Without including any pictures, give back all of the data exactly.
Extracted entries START
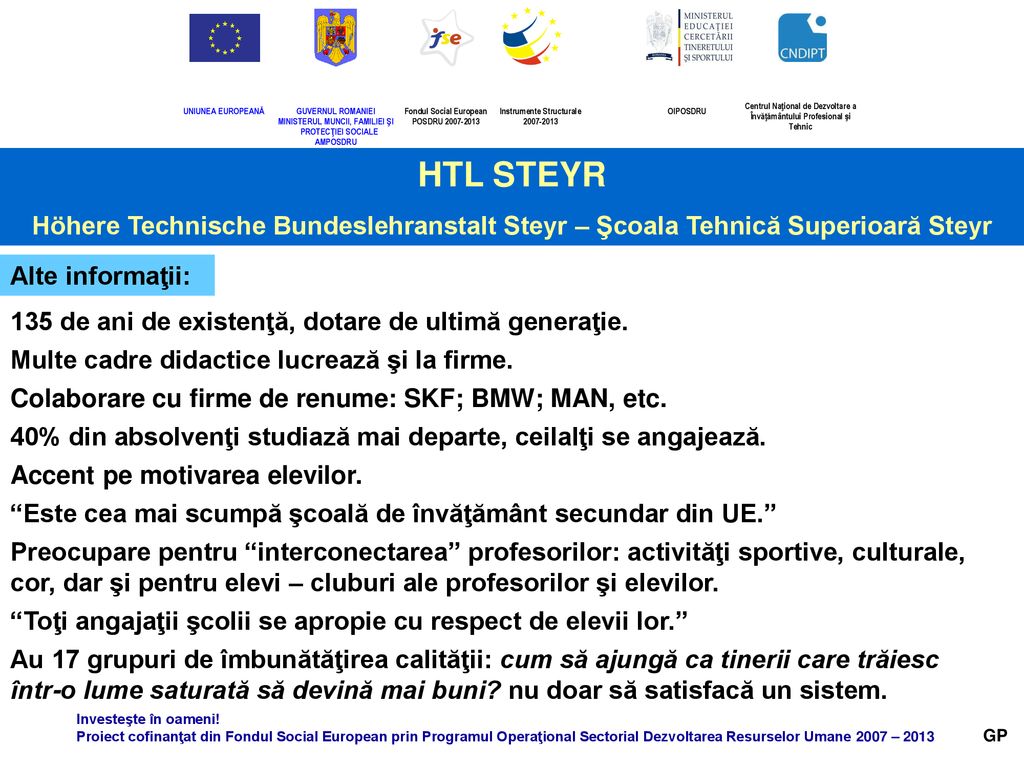 HTL STEYR Höhere Technische Bundeslehranstalt Steyr – Şcoala Tehnică Superioară Steyr. Alte informaţii:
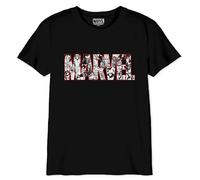 Legend Icon Officiel Marvel Logo Imprimé T-Shirt pour garçon col RAS du Cou Manches Courtes Coton Coupe régulière,Noir_Taille 12 Ans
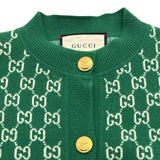 グッチ GUCCI GG総柄ノーカラーニットコート 599263 グリーン ウール レディース その他アウター
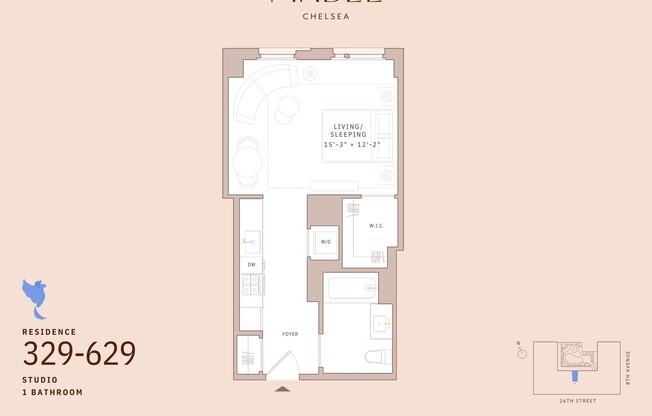 Studio, 1 bath, 445 sqft, $4,956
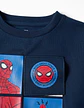 T-shirt de manga comprida de algodão Spider-Man para menino, azul-marinho - Thumbnail 5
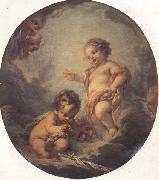 Francois Boucher The Baby Jesus and the Infant St.John oil on canvas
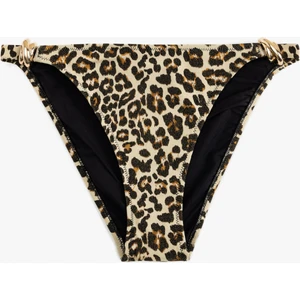 Aksesuar Detaylı Leopar Desenli Bikini Altı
Extracted entries END
▸ **Answer to this task**:
 HTL STEYR Höhere Technische Bundeslehranstalt Steyr – Şcoala Tehnică Superioară Steyr. Alte informaţii:
 Legend Icon Officiel Marvel Logo Imprimé T-Shirt pour garçon col RAS du Cou Manches Courtes Coton Coupe régulière,Noir_Taille 12 Ans
 グッチ GUCCI GG総柄ノーカラーニットコート 599263 グリーン ウール レディース その他アウター
 Studio, 1 bath, 445 sqft, $4,956
 T-shirt de manga comprida de algodão Spider-Man para menino, azul-marinho - Thumbnail 5
 Francois Boucher The Baby Jesus and the Infant St.John oil on canvas
 Aksesuar Detaylı Leopar Desenli Bikini Altı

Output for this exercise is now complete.